- WORK INSTRUCTION
Exact transcription of the records is required.

Extracted data entries:
- - -
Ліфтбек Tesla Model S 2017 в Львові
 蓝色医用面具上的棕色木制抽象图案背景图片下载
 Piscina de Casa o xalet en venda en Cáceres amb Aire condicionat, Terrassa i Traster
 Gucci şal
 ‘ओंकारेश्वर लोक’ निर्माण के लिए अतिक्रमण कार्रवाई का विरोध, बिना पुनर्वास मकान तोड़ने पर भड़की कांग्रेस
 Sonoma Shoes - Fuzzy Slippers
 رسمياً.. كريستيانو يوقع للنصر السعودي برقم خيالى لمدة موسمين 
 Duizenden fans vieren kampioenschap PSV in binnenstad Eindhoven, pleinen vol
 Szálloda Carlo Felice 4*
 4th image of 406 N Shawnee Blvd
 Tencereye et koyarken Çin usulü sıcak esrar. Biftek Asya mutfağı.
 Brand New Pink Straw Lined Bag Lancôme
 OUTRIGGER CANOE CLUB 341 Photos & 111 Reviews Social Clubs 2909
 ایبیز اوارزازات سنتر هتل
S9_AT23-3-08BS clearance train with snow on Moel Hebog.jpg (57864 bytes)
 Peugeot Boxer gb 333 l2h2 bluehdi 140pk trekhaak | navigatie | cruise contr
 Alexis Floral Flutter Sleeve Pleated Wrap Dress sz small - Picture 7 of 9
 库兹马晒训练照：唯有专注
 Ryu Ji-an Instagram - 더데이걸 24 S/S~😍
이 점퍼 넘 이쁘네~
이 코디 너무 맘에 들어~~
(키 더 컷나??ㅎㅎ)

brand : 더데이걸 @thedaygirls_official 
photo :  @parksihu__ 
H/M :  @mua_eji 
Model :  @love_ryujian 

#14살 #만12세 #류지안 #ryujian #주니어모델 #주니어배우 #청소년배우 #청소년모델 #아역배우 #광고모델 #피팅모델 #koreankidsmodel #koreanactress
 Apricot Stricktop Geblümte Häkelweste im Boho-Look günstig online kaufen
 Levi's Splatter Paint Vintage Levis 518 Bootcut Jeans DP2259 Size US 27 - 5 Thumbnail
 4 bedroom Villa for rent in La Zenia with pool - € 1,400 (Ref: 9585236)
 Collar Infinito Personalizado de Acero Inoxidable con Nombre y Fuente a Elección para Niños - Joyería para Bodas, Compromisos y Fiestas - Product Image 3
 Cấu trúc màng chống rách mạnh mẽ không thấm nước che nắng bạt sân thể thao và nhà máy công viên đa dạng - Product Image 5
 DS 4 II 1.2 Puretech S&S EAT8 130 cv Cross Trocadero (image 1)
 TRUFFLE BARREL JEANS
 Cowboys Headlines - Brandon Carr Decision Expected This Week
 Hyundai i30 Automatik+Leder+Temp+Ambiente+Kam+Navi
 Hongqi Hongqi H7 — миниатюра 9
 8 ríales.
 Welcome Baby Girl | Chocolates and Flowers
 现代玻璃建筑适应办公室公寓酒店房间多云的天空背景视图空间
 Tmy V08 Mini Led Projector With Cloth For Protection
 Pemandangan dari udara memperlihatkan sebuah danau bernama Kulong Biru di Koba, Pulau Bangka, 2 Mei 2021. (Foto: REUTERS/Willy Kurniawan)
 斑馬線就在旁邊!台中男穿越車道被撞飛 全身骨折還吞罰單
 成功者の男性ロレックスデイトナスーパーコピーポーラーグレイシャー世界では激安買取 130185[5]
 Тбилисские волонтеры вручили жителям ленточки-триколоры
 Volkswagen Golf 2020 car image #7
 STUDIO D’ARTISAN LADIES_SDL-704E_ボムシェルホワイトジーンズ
- - -
- ANSWER TO THIS EXERCISE
Ліфтбек Tesla Model S 2017 в Львові
 蓝色医用面具上的棕色木制抽象图案背景图片下载
 Piscina de Casa o xalet en venda en Cáceres amb Aire condicionat, Terrassa i Traster
 Gucci şal
 ‘ओंकारेश्वर लोक’ निर्माण के लिए अतिक्रमण कार्रवाई का विरोध, बिना पुनर्वास मकान तोड़ने पर भड़की कांग्रेस
 Sonoma Shoes - Fuzzy Slippers
 رسمياً.. كريستيانو يوقع للنصر السعودي برقم خيالى لمدة موسمين 
 Duizenden fans vieren kampioenschap PSV in binnenstad Eindhoven, pleinen vol
 Szálloda Carlo Felice 4*
 4th image of 406 N Shawnee Blvd
 Tencereye et koyarken Çin usulü sıcak esrar. Biftek Asya mutfağı.
 Brand New Pink Straw Lined Bag Lancôme
 OUTRIGGER CANOE CLUB 341 Photos & 111 Reviews Social Clubs 2909
 ایبیز اوارزازات سنتر هتل
S9_AT23-3-08BS clearance train with snow on Moel Hebog.jpg (57864 bytes)
 Peugeot Boxer gb 333 l2h2 bluehdi 140pk trekhaak | navigatie | cruise contr
 Alexis Floral Flutter Sleeve Pleated Wrap Dress sz small - Picture 7 of 9
 库兹马晒训练照：唯有专注
 Ryu Ji-an Instagram - 더데이걸 24 S/S~😍
이 점퍼 넘 이쁘네~
이 코디 너무 맘에 들어~~
(키 더 컷나??ㅎㅎ)

brand : 더데이걸 @thedaygirls_official 
photo :  @parksihu__ 
H/M :  @mua_eji 
Model :  @love_ryujian 

#14살 #만12세 #류지안 #ryujian #주니어모델 #주니어배우 #청소년배우 #청소년모델 #아역배우 #광고모델 #피팅모델 #koreankidsmodel #koreanactress
 Apricot Stricktop Geblümte Häkelweste im Boho-Look günstig online kaufen
 Levi's Splatter Paint Vintage Levis 518 Bootcut Jeans DP2259 Size US 27 - 5 Thumbnail
 4 bedroom Villa for rent in La Zenia with pool - € 1,400 (Ref: 9585236)
 Collar Infinito Personalizado de Acero Inoxidable con Nombre y Fuente a Elección para Niños - Joyería para Bodas, Compromisos y Fiestas - Product Image 3
 Cấu trúc màng chống rách mạnh mẽ không thấm nước che nắng bạt sân thể thao và nhà máy công viên đa dạng - Product Image 5
 DS 4 II 1.2 Puretech S&S EAT8 130 cv Cross Trocadero (image 1)
 TRUFFLE BARREL JEANS
 Cowboys Headlines - Brandon Carr Decision Expected This Week
 Hyundai i30 Automatik+Leder+Temp+Ambiente+Kam+Navi
 Hongqi Hongqi H7 — миниатюра 9
 8 ríales.
 Welcome Baby Girl | Chocolates and Flowers
 现代玻璃建筑适应办公室公寓酒店房间多云的天空背景视图空间
 Tmy V08 Mini Led Projector With Cloth For Protection
 Pemandangan dari udara memperlihatkan sebuah danau bernama Kulong Biru di Koba, Pulau Bangka, 2 Mei 2021. (Foto: REUTERS/Willy Kurniawan)
 斑馬線就在旁邊!台中男穿越車道被撞飛 全身骨折還吞罰單
 成功者の男性ロレックスデイトナスーパーコピーポーラーグレイシャー世界では激安買取 130185[5]
 Тбилисские волонтеры вручили жителям ленточки-триколоры
 Volkswagen Golf 2020 car image #7
 STUDIO D’ARTISAN LADIES_SDL-704E_ボムシェルホワイトジーンズ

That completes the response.